If instead I’d chosen a question that required too much thought to answer, the judgmental side of my brain would have kicked in too early and derailed my efforts to get even the smallest start on the problem. However, by picking an extremely simple problem to work on, I managed to turn the judge’s voice in my head into a collaborator rather than an interrogator.
The judge looked at these three lines of code and instantly started in with his criticisms.
JUDGE: “This is just terrible! If the order of the columns in your data changes, this code is going to break! Also, your output is clearly supposed to be numeric, but you’re getting back a string.
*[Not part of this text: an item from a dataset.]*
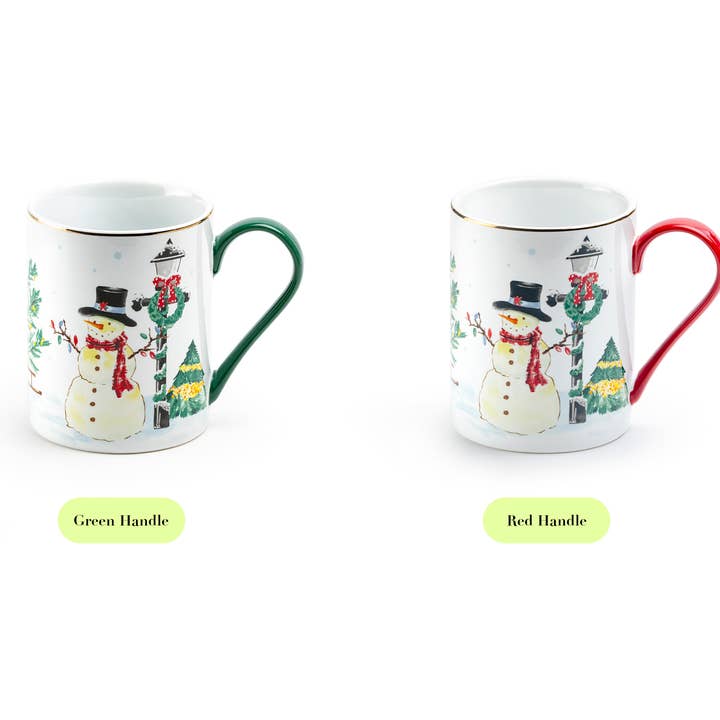 Grace Teaware - Wholesale Coffee Mug - Jolly Snowman 11oz Fine Porcelain Mug with Red Handle3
And that JSON call looks ugly too, and your mother is a . . . “
Addressing all his points right away would have been a bad idea because it would have led me into a spiral of self-doubt. Instead, I just looked for one thing we could agree on so that we had some common ground to start from. The criticism about the column order dependency was a pretty good one, so I decided to work with that.
Whenever I think of good APIs that I’ve seen for table interactions, the approach ActiveRecord 3 takes always comes to mind. It seemed to fit this particular problem well, so I cautiously asked the judge for his opinion on the following code.
table = Table.new(data)
row = table.where("Date" => "6/14/2011").first
p row["Payments Received"] #=> "2"
JUDGE: “Hmm . . . that first()
call looks weird, but this is a LOT better than your last attempt. I won’t be convinced until I see an implementation, though. Also, do you really think baking in the assumption that there are headers in the first row of your data is a good idea?”
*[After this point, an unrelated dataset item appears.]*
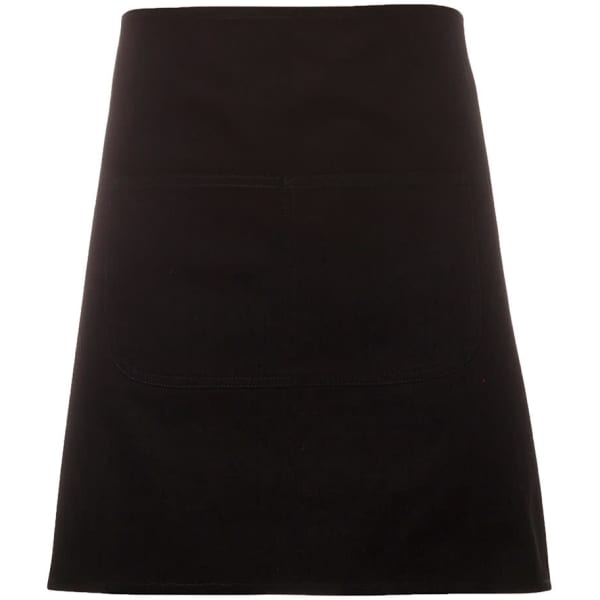 A black canvas apron with a pocket at the front and a strap. The product has a logo.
His point about headers was a good one, so—knowing that this was the closest thing I could get to approval from the judge—I started writing some tests that took his suggestion into account.
describe "Table" do
it "must be able to search for matching records" do
fixture_dir = "#{File.dirname(__FILE__)}/fixtures"
json_data = File.read("#{fixture_dir}/sales.json")
names, *data = JSON.parse(json_data)
table = Table.new(data, names)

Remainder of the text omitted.